Ambarlı’dan Libya’ya gitmekte olan Türk bandıralı sivil kargo gemisi Roselina A, Yunanistan’ın güneyinde uluslararası sularda seyir hâlindeyken, Alman savaş gemisi Hamburg tarafından durduruldu.
İrini isimli Avrupa Birliği operasyonu kapsamında görev yapan Yunan komutanın emriyle harekete geçen Alman gemisinde denizciler Roselina A’ya helikopterden baskın yaptı! Alman askerlerinin gemiye çıkış görüntüleri son derece kötü ve rahatsız ediciydi. Baştan sona profesyonellikten uzak operasyon sırasında Almanlar savaş operasyonu düzenliyor gibi bir havaya girdiler.

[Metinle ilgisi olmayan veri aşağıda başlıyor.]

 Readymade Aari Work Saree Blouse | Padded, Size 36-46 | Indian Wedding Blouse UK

Silahlı dört askerin, geminin kaptanı ve personelinin ellerini havaya kaldırıp bir köşeye sıkıştırarak sorguladıkları görüntüler haber ajanslarına düştü. Roselina A gemisi, bu süreçte bölgede havanın hayli kötü olmasına karşın saatlerce alıkonuldu.
Akdeniz’deki bu girişimi hukuki açıdan geçerliliği olmayan âdeta korsanca bir eylem olarak görüyorum. Türkiye’yi sıkıştırmak ve baskı altına almayı amaçlıyor.

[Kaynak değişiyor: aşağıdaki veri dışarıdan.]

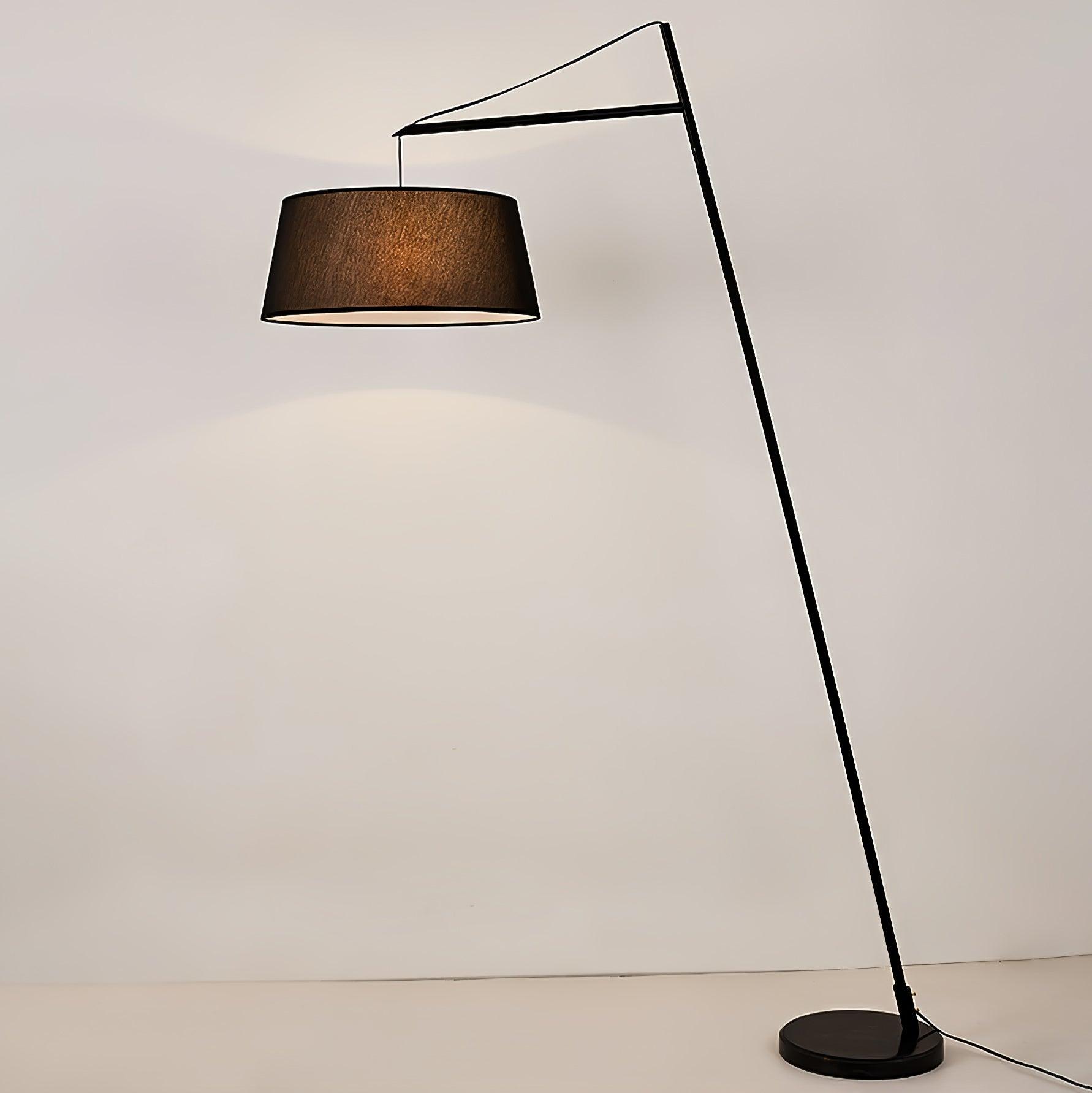 Modern Arturo Adjustable Arc Floor Lamp in Black Metal with Fabric Shade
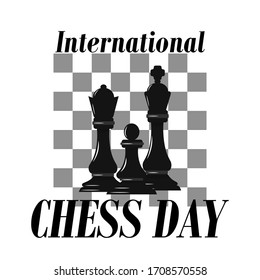 International chess day greeting with chess figures and chessboard as background stock vector illustration. Graphic stylish, elegant, decoration. Banner, template, card design.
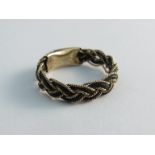 A Victorian woven hair ring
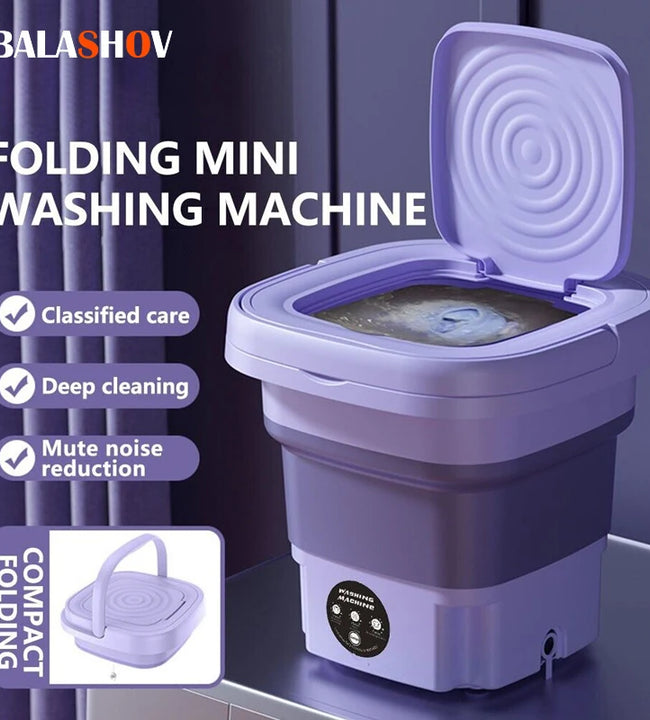 8L Portable Small Foldable Washing Machine with Spin Dryer For Socks Underwear Panties Washer Household Mini Washing Machine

Daha da ötesinde Dağlık Karabağ’dan Libya’ya kadar geniş bir coğrafyadaki etkinliğini sınırlamayı hedefliyor. İşin üzücü tarafı uluslararası ilişkiler konusunda dengeli bir tutum izleyen Almanya’ya ait bir savaş gemisinin bu işe karışmış olması. Alman hükümetinin itibarlı tutumu da bu olayla zarar görmüştür. Yunanistan ve Fransa’nın Libya ve diğer konularda birlikte hareket ettiği biliniyor.
Bu ülkeler uzun süredir Türkiye’ye sürekli tuzak kuruyor, Akdeniz’e çıkmasını engellemeye çalışıyor. Daha da ileri giderek aralık ayında gerçekleştirilecek olan Avrupa Birliği zirvesi öncesinde Ankara’yı haksız ve suçlu duruma düşürmek istiyorlar. Akdeniz’e kıyısı bile bulunmayan ve ekonomisi dış ticarete dayalı olan Almanya, bu oyuna gelmemeliydi.

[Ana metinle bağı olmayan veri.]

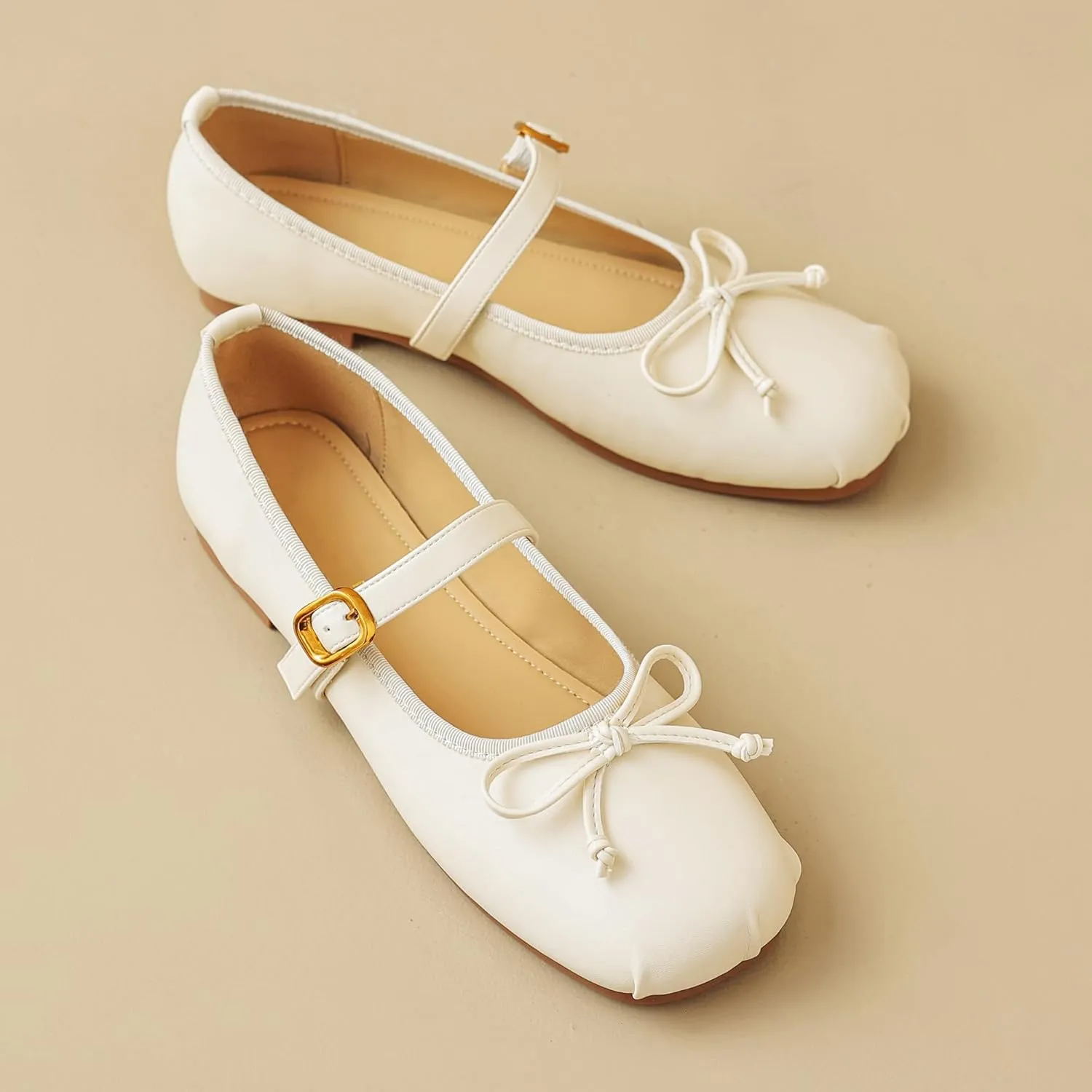 Dear Time Women's Ballets Bowknot Flats Mary Janes Dance Flat Shoes Round Toe Strap Ballets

Almanlar uluslararası seyrüsefer güvenliğine darbe vuran bu hamleyle kendi tarafsız konumlarına gölge düşürdü. Diğer taraftan Türkiye’den hâlen havayoluyla Libya’ya kargo operasyonları var zaten. Bildiğim kadarıyla MNG Kargo Libya’nın Misrata şehrine her gün uçuyor.
Dolayısıyla Türkiye ile Libya arasındaki bağı denizden kesmeye çalışmak kadar saçma bir şey olabilir mi? Durdurulan gemi, Türkiye’nin en saygın lojistik şirketlerinden Arkas’a ait. Şirketin sahibi Lucien Arkas sadece ülkemizin değil dünyanın yakından tanıdığı ve lojistik dünyasının en ciddi isimlerindendir. Yanlış bir yükleme ve taşımanın içinde asla bulunmaz.
Alman havayolu kuruluşu Lufthansa ne kadar saygınsa Arkas da uluslararası vitrinde öyledir. Üstelik Arkas’ın ortağı da Alman Schenker şirketi! Avrupa Birliği ve NATO gerçekten bölgeye istikrar getirerek bu saçmalıklara bir son vermeli. Bakılacak yer Türk gemisi değil; Rusya, Mısır, Fransa veya Birleşik Arap Emirlikleri’nden darbeci General Hafter’e giden kargolardır.